* **Requirement**
A word-for-word repetition of all the entries is required.

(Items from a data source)
☆ ☆ ☆ ☆ ☆ ☆ ☆

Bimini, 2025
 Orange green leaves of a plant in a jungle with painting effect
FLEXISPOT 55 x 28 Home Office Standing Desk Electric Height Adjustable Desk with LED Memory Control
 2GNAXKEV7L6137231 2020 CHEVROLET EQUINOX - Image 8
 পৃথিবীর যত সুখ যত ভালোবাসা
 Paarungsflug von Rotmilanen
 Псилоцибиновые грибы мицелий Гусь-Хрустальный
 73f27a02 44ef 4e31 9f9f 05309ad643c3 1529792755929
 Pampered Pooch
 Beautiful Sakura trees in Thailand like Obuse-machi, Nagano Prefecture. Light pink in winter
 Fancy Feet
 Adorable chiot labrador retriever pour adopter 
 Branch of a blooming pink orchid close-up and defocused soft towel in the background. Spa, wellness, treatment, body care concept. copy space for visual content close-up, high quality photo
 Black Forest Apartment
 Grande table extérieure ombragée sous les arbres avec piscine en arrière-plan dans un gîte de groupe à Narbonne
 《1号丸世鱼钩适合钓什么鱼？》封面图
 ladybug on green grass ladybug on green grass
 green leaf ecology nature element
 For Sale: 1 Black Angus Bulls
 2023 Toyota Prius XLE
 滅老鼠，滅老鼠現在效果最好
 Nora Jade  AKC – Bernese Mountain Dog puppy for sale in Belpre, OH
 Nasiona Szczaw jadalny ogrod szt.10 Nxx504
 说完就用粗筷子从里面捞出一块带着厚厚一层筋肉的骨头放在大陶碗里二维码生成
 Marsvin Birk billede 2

☆ ☆ ☆ ☆ ☆ ☆ ☆

* **Response to the exercise**
Bimini, 2025
 Orange green leaves of a plant in a jungle with painting effect
FLEXISPOT 55 x 28 Home Office Standing Desk Electric Height Adjustable Desk with LED Memory Control
 2GNAXKEV7L6137231 2020 CHEVROLET EQUINOX - Image 8
 পৃথিবীর যত সুখ যত ভালোবাসা
 Paarungsflug von Rotmilanen
 Псилоцибиновые грибы мицелий Гусь-Хрустальный
 73f27a02 44ef 4e31 9f9f 05309ad643c3 1529792755929
 Pampered Pooch
 Beautiful Sakura trees in Thailand like Obuse-machi, Nagano Prefecture. Light pink in winter
 Fancy Feet
 Adorable chiot labrador retriever pour adopter 
 Branch of a blooming pink orchid close-up and defocused soft towel in the background. Spa, wellness, treatment, body care concept. copy space for visual content close-up, high quality photo
 Black Forest Apartment
 Grande table extérieure ombragée sous les arbres avec piscine en arrière-plan dans un gîte de groupe à Narbonne
 《1号丸世鱼钩适合钓什么鱼？》封面图
 ladybug on green grass ladybug on green grass
 green leaf ecology nature element
 For Sale: 1 Black Angus Bulls
 2023 Toyota Prius XLE
 滅老鼠，滅老鼠現在效果最好
 Nora Jade  AKC – Bernese Mountain Dog puppy for sale in Belpre, OH
 Nasiona Szczaw jadalny ogrod szt.10 Nxx504
 说完就用粗筷子从里面捞出一块带着厚厚一层筋肉的骨头放在大陶碗里二维码生成
 Marsvin Birk billede 2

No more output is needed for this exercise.